Genealogia dei Bigatti di Caravaggio
Parrucchieri da quasi due secoli

 

Per risalire alle origini bisogna andare indietro di quasi due secoli e tornare attorno al 1830, quando Filippo “Felèp” Bigatti decise di aprire un negozio di barbiere (una volta spesso anche sarto) nel centro storico di Caravaggio. Da allora, se si giunge a Caravaggio e si fa il nome Bigatti, subito l’associazione a forbici, capelli e ditorni è automatica. Perché, ormai da quattro generazioni, il cognome di questa famiglia è sinonimo di artigianalità del capello, tanto da diffondersi non solo tra le vie di Caravaggio, ma anche in qualche comune limitrofo, in una sorta di buona colonizzazione del territorio.

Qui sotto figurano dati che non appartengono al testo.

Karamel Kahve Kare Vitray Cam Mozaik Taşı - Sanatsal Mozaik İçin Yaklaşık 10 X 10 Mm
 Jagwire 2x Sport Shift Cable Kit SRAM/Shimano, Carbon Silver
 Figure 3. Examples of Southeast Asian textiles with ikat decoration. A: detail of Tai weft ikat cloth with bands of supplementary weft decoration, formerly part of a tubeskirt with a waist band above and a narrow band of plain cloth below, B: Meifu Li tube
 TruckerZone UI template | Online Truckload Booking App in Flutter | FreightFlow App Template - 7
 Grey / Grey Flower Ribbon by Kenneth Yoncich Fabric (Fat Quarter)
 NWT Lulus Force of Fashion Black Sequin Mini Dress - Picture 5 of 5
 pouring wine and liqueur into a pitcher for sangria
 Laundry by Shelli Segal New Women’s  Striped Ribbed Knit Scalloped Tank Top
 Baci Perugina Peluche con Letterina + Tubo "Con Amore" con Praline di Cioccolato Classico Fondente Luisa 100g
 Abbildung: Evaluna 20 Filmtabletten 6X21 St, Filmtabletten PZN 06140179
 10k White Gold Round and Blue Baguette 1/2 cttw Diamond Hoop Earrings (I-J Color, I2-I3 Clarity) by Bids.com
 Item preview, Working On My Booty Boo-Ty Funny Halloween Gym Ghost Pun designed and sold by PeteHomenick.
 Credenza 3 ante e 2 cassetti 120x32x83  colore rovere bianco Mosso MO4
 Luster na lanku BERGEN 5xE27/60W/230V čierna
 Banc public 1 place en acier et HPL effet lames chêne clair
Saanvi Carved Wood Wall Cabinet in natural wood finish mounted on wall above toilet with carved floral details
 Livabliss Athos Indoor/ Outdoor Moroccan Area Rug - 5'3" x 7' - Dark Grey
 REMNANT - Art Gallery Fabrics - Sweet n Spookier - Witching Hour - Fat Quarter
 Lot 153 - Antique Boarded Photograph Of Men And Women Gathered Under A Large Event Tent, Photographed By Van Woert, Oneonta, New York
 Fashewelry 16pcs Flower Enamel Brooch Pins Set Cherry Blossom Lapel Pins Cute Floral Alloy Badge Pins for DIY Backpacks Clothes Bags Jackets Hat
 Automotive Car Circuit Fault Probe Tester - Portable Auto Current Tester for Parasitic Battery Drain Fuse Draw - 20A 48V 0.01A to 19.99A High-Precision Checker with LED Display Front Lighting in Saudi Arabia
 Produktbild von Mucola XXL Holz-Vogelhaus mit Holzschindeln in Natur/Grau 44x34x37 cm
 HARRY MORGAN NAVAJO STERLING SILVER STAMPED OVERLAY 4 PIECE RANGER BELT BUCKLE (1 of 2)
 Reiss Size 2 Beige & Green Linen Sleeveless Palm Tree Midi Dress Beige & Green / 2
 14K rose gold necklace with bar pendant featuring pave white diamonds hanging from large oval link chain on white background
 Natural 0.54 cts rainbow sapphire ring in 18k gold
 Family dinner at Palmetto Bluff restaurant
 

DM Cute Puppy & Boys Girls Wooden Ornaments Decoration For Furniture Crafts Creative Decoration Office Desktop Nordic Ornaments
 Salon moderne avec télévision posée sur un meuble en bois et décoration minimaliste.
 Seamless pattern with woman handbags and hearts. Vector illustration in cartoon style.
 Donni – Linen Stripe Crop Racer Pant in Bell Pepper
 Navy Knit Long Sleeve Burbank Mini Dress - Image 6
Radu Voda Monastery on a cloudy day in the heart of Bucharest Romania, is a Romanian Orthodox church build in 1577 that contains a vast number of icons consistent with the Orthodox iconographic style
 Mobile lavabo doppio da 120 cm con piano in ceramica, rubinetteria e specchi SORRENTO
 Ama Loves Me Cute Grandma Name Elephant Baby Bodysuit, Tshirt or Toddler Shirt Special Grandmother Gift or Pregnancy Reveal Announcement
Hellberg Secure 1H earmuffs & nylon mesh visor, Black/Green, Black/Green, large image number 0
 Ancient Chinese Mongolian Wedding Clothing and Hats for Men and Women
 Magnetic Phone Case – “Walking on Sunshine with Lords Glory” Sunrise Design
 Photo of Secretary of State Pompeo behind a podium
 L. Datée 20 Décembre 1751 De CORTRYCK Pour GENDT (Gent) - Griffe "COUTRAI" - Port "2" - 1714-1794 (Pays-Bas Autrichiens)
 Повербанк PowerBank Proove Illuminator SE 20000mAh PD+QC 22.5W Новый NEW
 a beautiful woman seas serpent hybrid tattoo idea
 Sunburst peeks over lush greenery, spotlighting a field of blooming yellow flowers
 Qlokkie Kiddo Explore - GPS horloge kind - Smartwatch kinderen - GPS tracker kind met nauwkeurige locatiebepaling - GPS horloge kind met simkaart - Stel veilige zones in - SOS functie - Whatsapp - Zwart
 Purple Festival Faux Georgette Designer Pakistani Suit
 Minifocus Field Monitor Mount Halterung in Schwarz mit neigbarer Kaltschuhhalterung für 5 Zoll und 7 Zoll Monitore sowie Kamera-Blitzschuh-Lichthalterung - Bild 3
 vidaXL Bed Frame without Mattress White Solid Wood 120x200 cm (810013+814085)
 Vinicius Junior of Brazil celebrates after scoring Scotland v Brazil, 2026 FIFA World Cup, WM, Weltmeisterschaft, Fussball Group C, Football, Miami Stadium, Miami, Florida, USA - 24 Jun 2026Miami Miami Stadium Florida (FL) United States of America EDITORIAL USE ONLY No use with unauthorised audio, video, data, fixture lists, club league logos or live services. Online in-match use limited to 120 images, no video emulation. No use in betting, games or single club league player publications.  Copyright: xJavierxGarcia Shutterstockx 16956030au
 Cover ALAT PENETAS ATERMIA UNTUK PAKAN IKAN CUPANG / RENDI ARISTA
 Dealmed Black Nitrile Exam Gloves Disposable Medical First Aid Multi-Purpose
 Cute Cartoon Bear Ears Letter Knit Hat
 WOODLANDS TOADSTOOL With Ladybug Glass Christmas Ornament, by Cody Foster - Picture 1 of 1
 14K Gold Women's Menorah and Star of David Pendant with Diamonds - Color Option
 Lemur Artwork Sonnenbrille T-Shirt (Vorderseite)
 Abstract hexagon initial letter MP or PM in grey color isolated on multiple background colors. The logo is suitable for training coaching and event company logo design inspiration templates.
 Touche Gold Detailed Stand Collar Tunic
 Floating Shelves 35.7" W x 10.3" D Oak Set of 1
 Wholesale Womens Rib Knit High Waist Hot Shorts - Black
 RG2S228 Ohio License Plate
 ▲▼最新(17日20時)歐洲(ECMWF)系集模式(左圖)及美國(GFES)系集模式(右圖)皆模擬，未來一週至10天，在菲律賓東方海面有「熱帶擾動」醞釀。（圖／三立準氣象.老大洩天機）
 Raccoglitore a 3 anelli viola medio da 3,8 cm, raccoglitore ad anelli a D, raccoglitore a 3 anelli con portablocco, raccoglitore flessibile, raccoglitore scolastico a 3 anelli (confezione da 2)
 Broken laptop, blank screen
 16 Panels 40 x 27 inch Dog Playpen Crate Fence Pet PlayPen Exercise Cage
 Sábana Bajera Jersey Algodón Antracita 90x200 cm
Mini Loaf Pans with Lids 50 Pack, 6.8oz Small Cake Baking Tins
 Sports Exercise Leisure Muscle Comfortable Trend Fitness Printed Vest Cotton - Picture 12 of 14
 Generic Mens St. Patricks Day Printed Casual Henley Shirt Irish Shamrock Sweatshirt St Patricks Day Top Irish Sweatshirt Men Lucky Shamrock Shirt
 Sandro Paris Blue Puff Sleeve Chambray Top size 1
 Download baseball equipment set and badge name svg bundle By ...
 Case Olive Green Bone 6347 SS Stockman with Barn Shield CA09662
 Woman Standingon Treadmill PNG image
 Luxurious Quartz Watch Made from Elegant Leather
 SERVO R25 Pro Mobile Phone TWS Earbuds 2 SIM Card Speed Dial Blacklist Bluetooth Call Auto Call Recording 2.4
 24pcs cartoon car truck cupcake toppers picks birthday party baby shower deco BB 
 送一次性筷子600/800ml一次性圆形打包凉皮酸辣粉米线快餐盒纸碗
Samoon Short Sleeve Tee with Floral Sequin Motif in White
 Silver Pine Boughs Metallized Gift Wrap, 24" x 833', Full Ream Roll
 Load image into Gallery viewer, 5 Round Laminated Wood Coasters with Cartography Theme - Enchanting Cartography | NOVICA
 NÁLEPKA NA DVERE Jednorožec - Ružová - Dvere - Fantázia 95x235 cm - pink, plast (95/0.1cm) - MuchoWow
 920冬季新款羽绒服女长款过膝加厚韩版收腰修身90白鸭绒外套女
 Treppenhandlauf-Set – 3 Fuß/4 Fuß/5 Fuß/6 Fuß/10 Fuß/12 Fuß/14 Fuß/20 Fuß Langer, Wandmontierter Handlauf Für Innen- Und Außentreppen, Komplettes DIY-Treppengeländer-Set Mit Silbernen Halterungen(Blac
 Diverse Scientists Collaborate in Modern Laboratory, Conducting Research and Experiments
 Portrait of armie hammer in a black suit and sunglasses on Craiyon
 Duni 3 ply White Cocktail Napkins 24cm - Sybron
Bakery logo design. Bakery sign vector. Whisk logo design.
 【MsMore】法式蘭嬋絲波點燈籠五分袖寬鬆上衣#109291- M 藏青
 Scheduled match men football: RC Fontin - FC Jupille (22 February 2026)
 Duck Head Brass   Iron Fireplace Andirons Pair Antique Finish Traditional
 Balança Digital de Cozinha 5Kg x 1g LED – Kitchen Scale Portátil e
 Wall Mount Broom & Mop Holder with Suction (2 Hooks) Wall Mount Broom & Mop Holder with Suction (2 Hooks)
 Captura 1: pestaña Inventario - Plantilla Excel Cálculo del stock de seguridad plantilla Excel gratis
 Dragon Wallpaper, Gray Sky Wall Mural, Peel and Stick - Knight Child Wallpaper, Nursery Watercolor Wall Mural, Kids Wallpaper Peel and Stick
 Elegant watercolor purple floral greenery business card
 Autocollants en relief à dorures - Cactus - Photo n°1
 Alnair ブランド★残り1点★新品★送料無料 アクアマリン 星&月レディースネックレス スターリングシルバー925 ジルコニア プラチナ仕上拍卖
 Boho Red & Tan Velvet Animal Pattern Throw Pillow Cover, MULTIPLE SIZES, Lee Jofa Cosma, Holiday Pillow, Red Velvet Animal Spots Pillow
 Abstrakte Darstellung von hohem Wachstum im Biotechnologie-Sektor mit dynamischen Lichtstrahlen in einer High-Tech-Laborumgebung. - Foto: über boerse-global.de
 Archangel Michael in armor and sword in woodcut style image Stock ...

Dopo il capostipite Filippo, ci fu il figlio Francesco, padre del successore Giuseppe, che nel 1916 aprì il proprio negozio in piazza Garibaldi. E poi ci fu Franco (classe 1931), che continuò sì la tradizione, ma dando una svolta all’attività, aprendo, nel 1955, un negozio di parrucchiere per signore, gestito con la moglie Odilla. Cresciuto tra rasoi e forbici, va da sé che il primogenito, Gino, intraprendesse la stessa carriera, esternando fin da subito un talento innato e un estro brillante, che ha trasformato il classico negozio da parrucchiere in una vera e propria impresa aziendale. Partito con un piccolo negozio, il Centro Benessere Gino Bigatti si è trasformato in un concept store  e in un luogo di culto della bellezza, dove la protagonista è la donna in ogni sua sfumatura.

 

Negozio Cologno_Photo_SaraBianchi

Come per ogni attività, anche questa ha dovuto modernizzarsi, e, per poter crescere, stare al passo con i tempi, sia con la ricerca di prodotti sempre più all’avanguardia, sia con il continuo aggiornamento su tendenze e mode: con il benessere economico la donna non vuole solo tagliarsi i capelli, ma vuole la piega giusta per la propria persona, chiede l’utilizzo di prodotti naturali, il consiglio migliore per poter(si) piacere. Non chiamatelo quindi solo parrucchiere: Gino è un imprenditore con forbici nella mano destra e lo smartphone nella sinistra e tanta, tanta creatività. Sempre alla ricerca di nuove sfide, in un momento che parla solo di crisi, di aziende che chiudono, di persone che perdono il posto di lavoro, Gino va ancora una volta controcorrente e azzarda: apre un negozio a Cologno Al Serio prima e nella difficile Treviglio poi, dimostrando che, in fondo la crisi è per chi si ferma.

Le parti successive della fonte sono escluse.